Women’s Contribution to Science, Engineering and Technology: Historical Analysis
Women’s theoretical engagement with western science has been philosophically varied ranging from
gnosticism and alchemy through to Cartesianism and Newtonian theory.(Rowbotham,1995) If we look at the literature of women who contributed to the development of science and technology, it is not surprising that women have been obliterated from history; Sheila Rowbotham showed a new direction in the analysis of female approaches to technology.
“Rather than viewing history in terms of an undifferentiated structure of patriarchy, it is possible to see women emerging intellectually in some periods and forced into retreat in others” (Rowbotham 2006, pp 36)

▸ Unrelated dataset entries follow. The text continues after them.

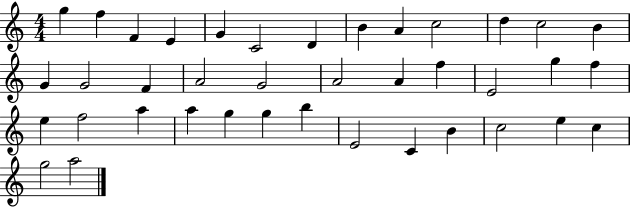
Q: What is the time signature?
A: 4/4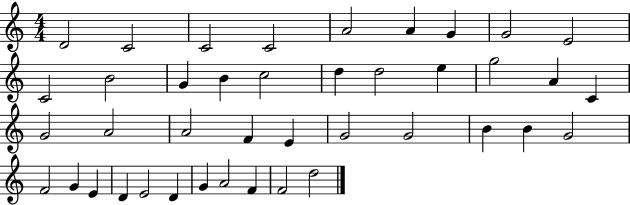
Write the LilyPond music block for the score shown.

{
  \clef treble
  \numericTimeSignature
  \time 4/4
  \key c \major
  d'2 c'2 | c'2 c'2 | a'2 a'4 g'4 | g'2 e'2 | \break c'2 b'2 | g'4 b'4 c''2 | d''4 d''2 e''4 | g''2 a'4 c'4 | \break g'2 a'2 | a'2 f'4 e'4 | g'2 g'2 | b'4 b'4 g'2 | \break f'2 g'4 e'4 | d'4 e'2 d'4 | g'4 a'2 f'4 | f'2 d''2 | \break \bar "|."
}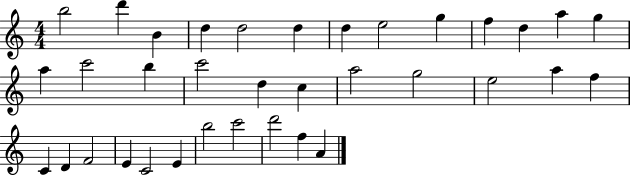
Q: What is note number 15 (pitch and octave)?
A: C6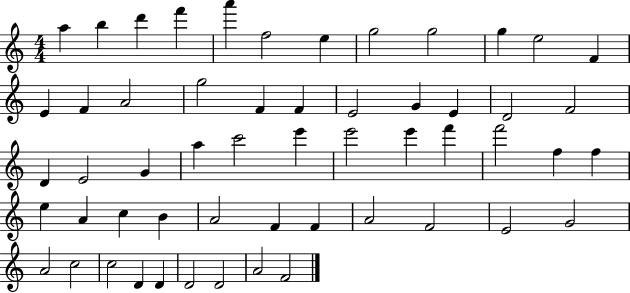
{
  \clef treble
  \numericTimeSignature
  \time 4/4
  \key c \major
  a''4 b''4 d'''4 f'''4 | a'''4 f''2 e''4 | g''2 g''2 | g''4 e''2 f'4 | \break e'4 f'4 a'2 | g''2 f'4 f'4 | e'2 g'4 e'4 | d'2 f'2 | \break d'4 e'2 g'4 | a''4 c'''2 e'''4 | e'''2 e'''4 f'''4 | f'''2 f''4 f''4 | \break e''4 a'4 c''4 b'4 | a'2 f'4 f'4 | a'2 f'2 | e'2 g'2 | \break a'2 c''2 | c''2 d'4 d'4 | d'2 d'2 | a'2 f'2 | \break \bar "|."
}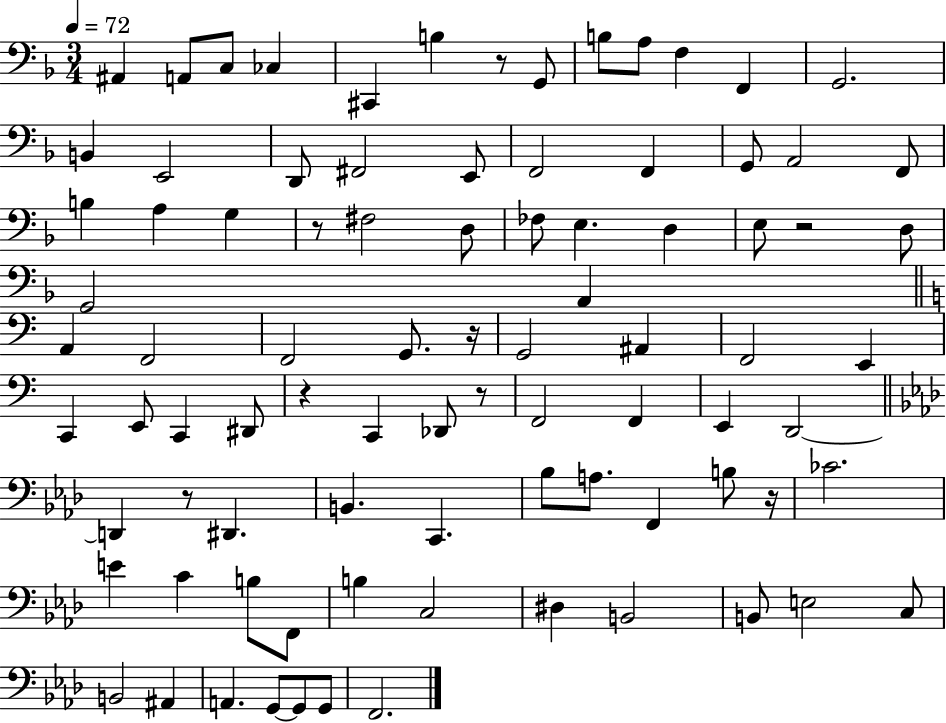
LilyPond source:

{
  \clef bass
  \numericTimeSignature
  \time 3/4
  \key f \major
  \tempo 4 = 72
  \repeat volta 2 { ais,4 a,8 c8 ces4 | cis,4 b4 r8 g,8 | b8 a8 f4 f,4 | g,2. | \break b,4 e,2 | d,8 fis,2 e,8 | f,2 f,4 | g,8 a,2 f,8 | \break b4 a4 g4 | r8 fis2 d8 | fes8 e4. d4 | e8 r2 d8 | \break g,2 a,4 | \bar "||" \break \key a \minor a,4 f,2 | f,2 g,8. r16 | g,2 ais,4 | f,2 e,4 | \break c,4 e,8 c,4 dis,8 | r4 c,4 des,8 r8 | f,2 f,4 | e,4 d,2~~ | \break \bar "||" \break \key aes \major d,4 r8 dis,4. | b,4. c,4. | bes8 a8. f,4 b8 r16 | ces'2. | \break e'4 c'4 b8 f,8 | b4 c2 | dis4 b,2 | b,8 e2 c8 | \break b,2 ais,4 | a,4. g,8~~ g,8 g,8 | f,2. | } \bar "|."
}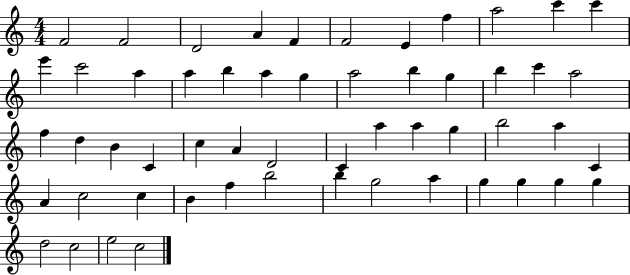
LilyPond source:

{
  \clef treble
  \numericTimeSignature
  \time 4/4
  \key c \major
  f'2 f'2 | d'2 a'4 f'4 | f'2 e'4 f''4 | a''2 c'''4 c'''4 | \break e'''4 c'''2 a''4 | a''4 b''4 a''4 g''4 | a''2 b''4 g''4 | b''4 c'''4 a''2 | \break f''4 d''4 b'4 c'4 | c''4 a'4 d'2 | c'4 a''4 a''4 g''4 | b''2 a''4 c'4 | \break a'4 c''2 c''4 | b'4 f''4 b''2 | b''4 g''2 a''4 | g''4 g''4 g''4 g''4 | \break d''2 c''2 | e''2 c''2 | \bar "|."
}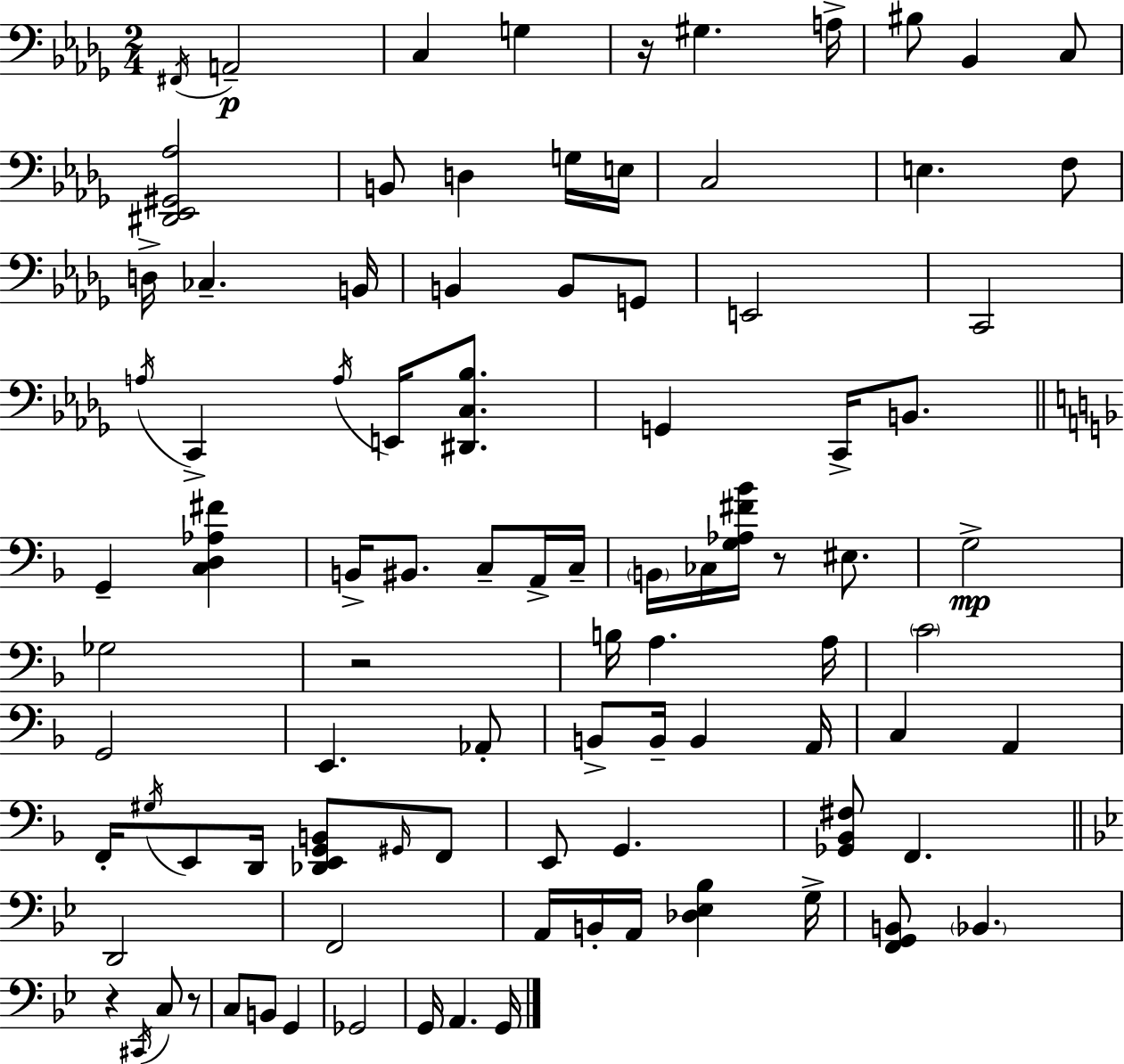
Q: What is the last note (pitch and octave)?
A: G2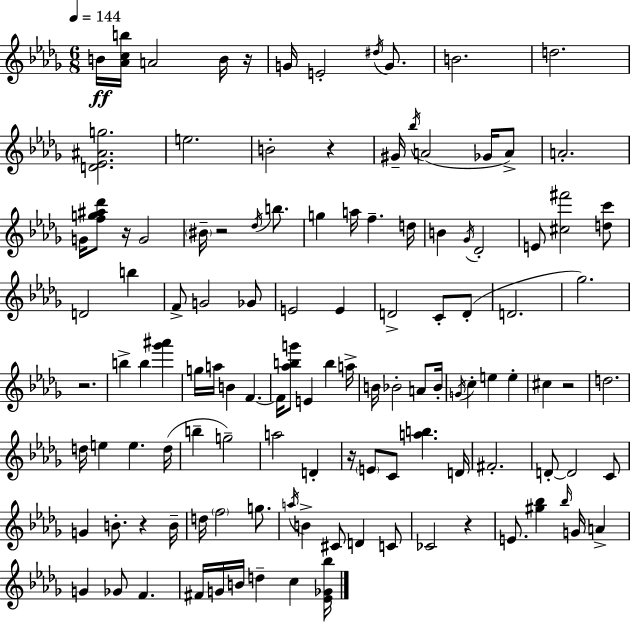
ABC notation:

X:1
T:Untitled
M:6/8
L:1/4
K:Bbm
B/4 [_Acb]/4 A2 B/4 z/4 G/4 E2 ^d/4 G/2 B2 d2 [D_E^Ag]2 e2 B2 z ^G/4 _b/4 A2 _G/4 A/2 A2 G/4 [fg^a_d']/2 z/4 G2 ^B/4 z2 _d/4 b/2 g a/4 f d/4 B _G/4 _D2 E/2 [^c^f']2 [dc']/2 D2 b F/2 G2 _G/2 E2 E D2 C/2 D/2 D2 _g2 z2 b b [_g'^a'] g/4 a/4 B F F/4 [_abg']/2 E b a/4 B/4 _B2 A/2 _B/4 G/4 c e e ^c z2 d2 d/4 e e d/4 b g2 a2 D z/4 E/2 C/2 [ab] D/4 ^F2 D/2 D2 C/2 G B/2 z B/4 d/4 f2 g/2 a/4 B ^C/2 D C/2 _C2 z E/2 [^g_b] _b/4 G/4 A G _G/2 F ^F/4 G/4 B/4 d c [_E_G_b]/4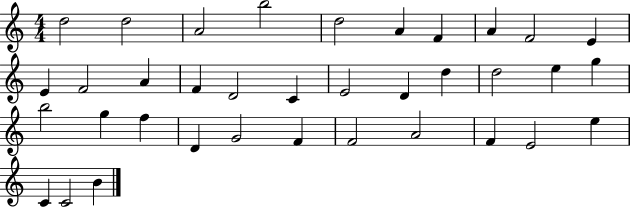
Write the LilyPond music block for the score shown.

{
  \clef treble
  \numericTimeSignature
  \time 4/4
  \key c \major
  d''2 d''2 | a'2 b''2 | d''2 a'4 f'4 | a'4 f'2 e'4 | \break e'4 f'2 a'4 | f'4 d'2 c'4 | e'2 d'4 d''4 | d''2 e''4 g''4 | \break b''2 g''4 f''4 | d'4 g'2 f'4 | f'2 a'2 | f'4 e'2 e''4 | \break c'4 c'2 b'4 | \bar "|."
}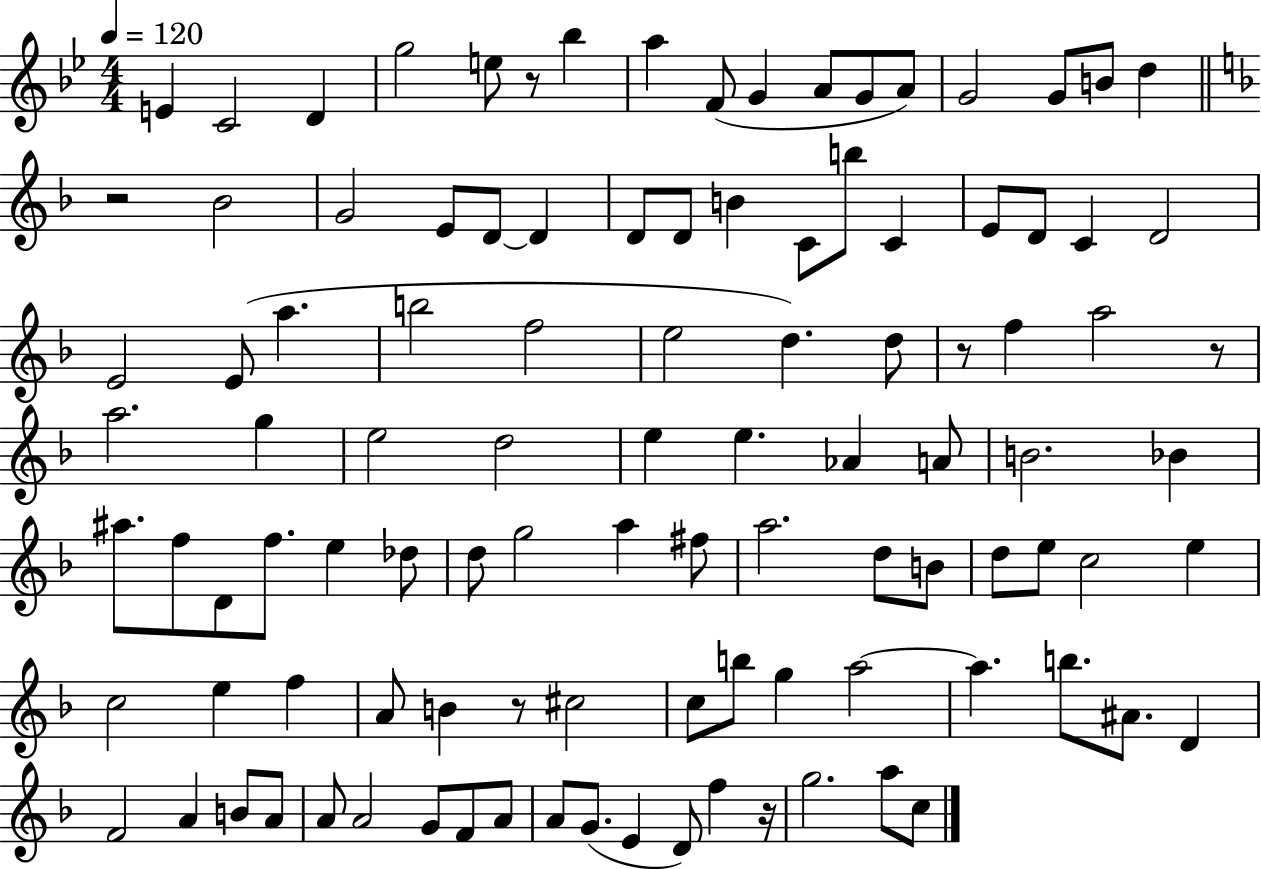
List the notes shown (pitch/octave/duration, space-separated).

E4/q C4/h D4/q G5/h E5/e R/e Bb5/q A5/q F4/e G4/q A4/e G4/e A4/e G4/h G4/e B4/e D5/q R/h Bb4/h G4/h E4/e D4/e D4/q D4/e D4/e B4/q C4/e B5/e C4/q E4/e D4/e C4/q D4/h E4/h E4/e A5/q. B5/h F5/h E5/h D5/q. D5/e R/e F5/q A5/h R/e A5/h. G5/q E5/h D5/h E5/q E5/q. Ab4/q A4/e B4/h. Bb4/q A#5/e. F5/e D4/e F5/e. E5/q Db5/e D5/e G5/h A5/q F#5/e A5/h. D5/e B4/e D5/e E5/e C5/h E5/q C5/h E5/q F5/q A4/e B4/q R/e C#5/h C5/e B5/e G5/q A5/h A5/q. B5/e. A#4/e. D4/q F4/h A4/q B4/e A4/e A4/e A4/h G4/e F4/e A4/e A4/e G4/e. E4/q D4/e F5/q R/s G5/h. A5/e C5/e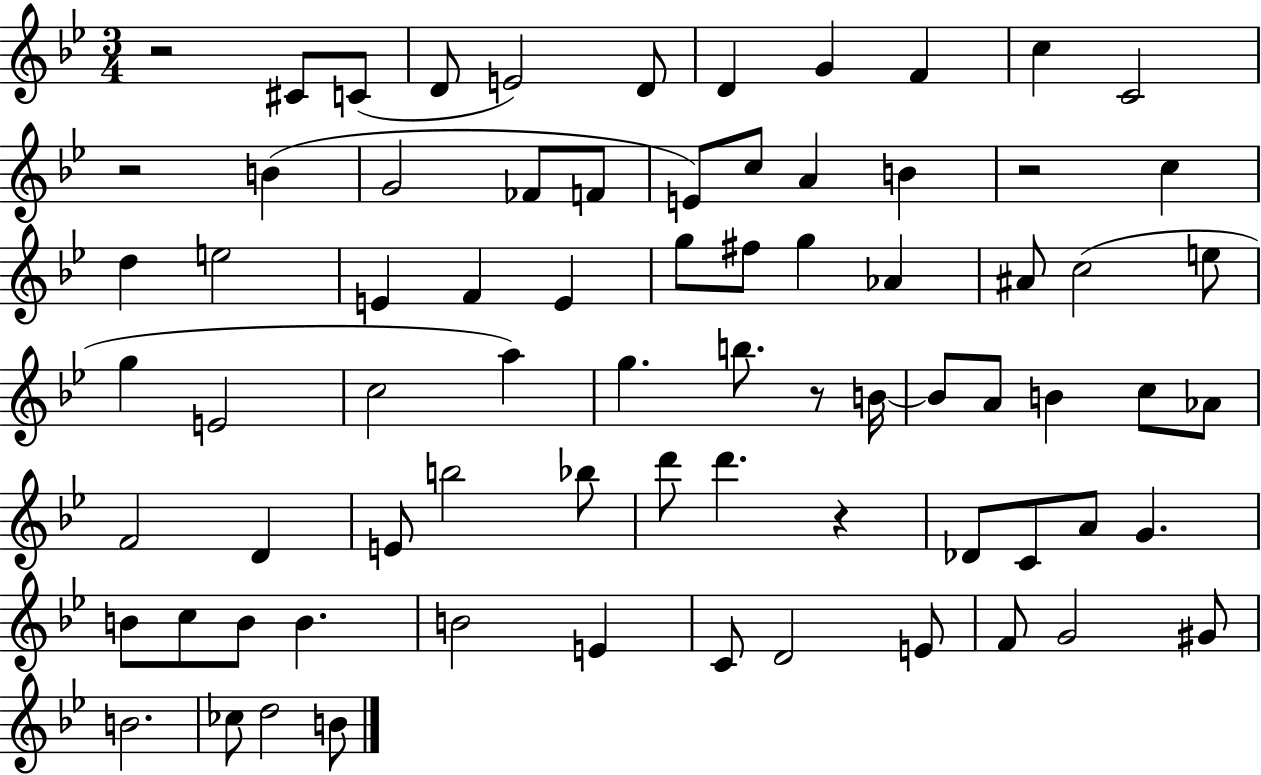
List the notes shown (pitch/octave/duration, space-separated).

R/h C#4/e C4/e D4/e E4/h D4/e D4/q G4/q F4/q C5/q C4/h R/h B4/q G4/h FES4/e F4/e E4/e C5/e A4/q B4/q R/h C5/q D5/q E5/h E4/q F4/q E4/q G5/e F#5/e G5/q Ab4/q A#4/e C5/h E5/e G5/q E4/h C5/h A5/q G5/q. B5/e. R/e B4/s B4/e A4/e B4/q C5/e Ab4/e F4/h D4/q E4/e B5/h Bb5/e D6/e D6/q. R/q Db4/e C4/e A4/e G4/q. B4/e C5/e B4/e B4/q. B4/h E4/q C4/e D4/h E4/e F4/e G4/h G#4/e B4/h. CES5/e D5/h B4/e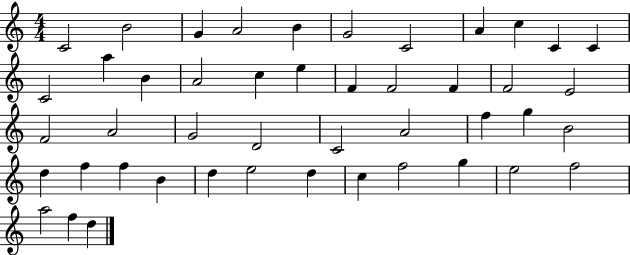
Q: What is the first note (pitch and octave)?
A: C4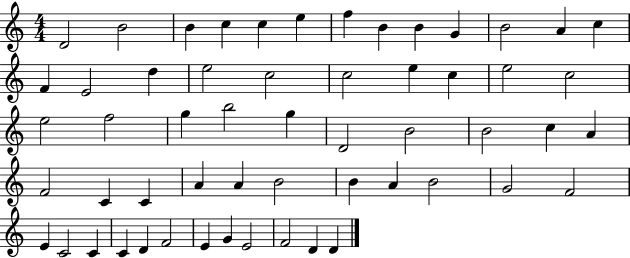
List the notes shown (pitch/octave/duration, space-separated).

D4/h B4/h B4/q C5/q C5/q E5/q F5/q B4/q B4/q G4/q B4/h A4/q C5/q F4/q E4/h D5/q E5/h C5/h C5/h E5/q C5/q E5/h C5/h E5/h F5/h G5/q B5/h G5/q D4/h B4/h B4/h C5/q A4/q F4/h C4/q C4/q A4/q A4/q B4/h B4/q A4/q B4/h G4/h F4/h E4/q C4/h C4/q C4/q D4/q F4/h E4/q G4/q E4/h F4/h D4/q D4/q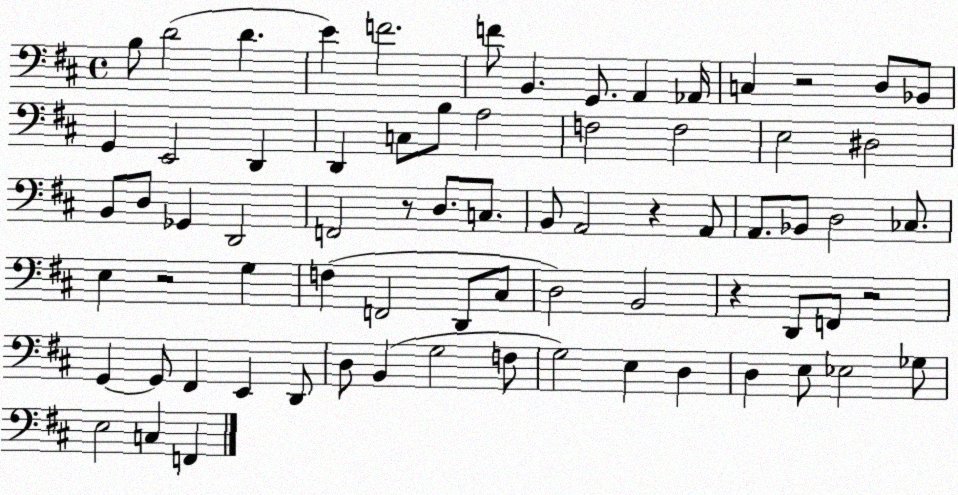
X:1
T:Untitled
M:4/4
L:1/4
K:D
B,/2 D2 D E F2 F/2 B,, G,,/2 A,, _A,,/4 C, z2 D,/2 _B,,/2 G,, E,,2 D,, D,, C,/2 B,/2 A,2 F,2 F,2 E,2 ^D,2 B,,/2 D,/2 _G,, D,,2 F,,2 z/2 D,/2 C,/2 B,,/2 A,,2 z A,,/2 A,,/2 _B,,/2 D,2 _C,/2 E, z2 G, F, F,,2 D,,/2 ^C,/2 D,2 B,,2 z D,,/2 F,,/2 z2 G,, G,,/2 ^F,, E,, D,,/2 D,/2 B,, G,2 F,/2 G,2 E, D, D, E,/2 _E,2 _G,/2 E,2 C, F,,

Women’s contribution to science existed since 3000 BC. Women doctors were found in Egypt as early as 3000 BC and ancient babylonian women perfumers developed chemical techniques which were used amongst alchemists in Alexandria as early as the first century AD (Margaret Alic, 1986). Traditionally women played a key role in
food gathering, collecting fuel, finding nutrition for crops and animals, organic recycling, collection fodder, producing, processing, marketing and preparing food along with performing other household duties. They had the ability to spot healthy plants and preserve their seeds for sowing for the next year. Alic mentioned the story of the Arab slave girl, called Tawaddud, whose intelligence and knowledge ‘outwitted the readers of the Koran, doctors of law, and medicine, scientists, and philosophers…’ (ibid) It has also been seen that in the Byzantine Empire, a succession of women rulers were scientists.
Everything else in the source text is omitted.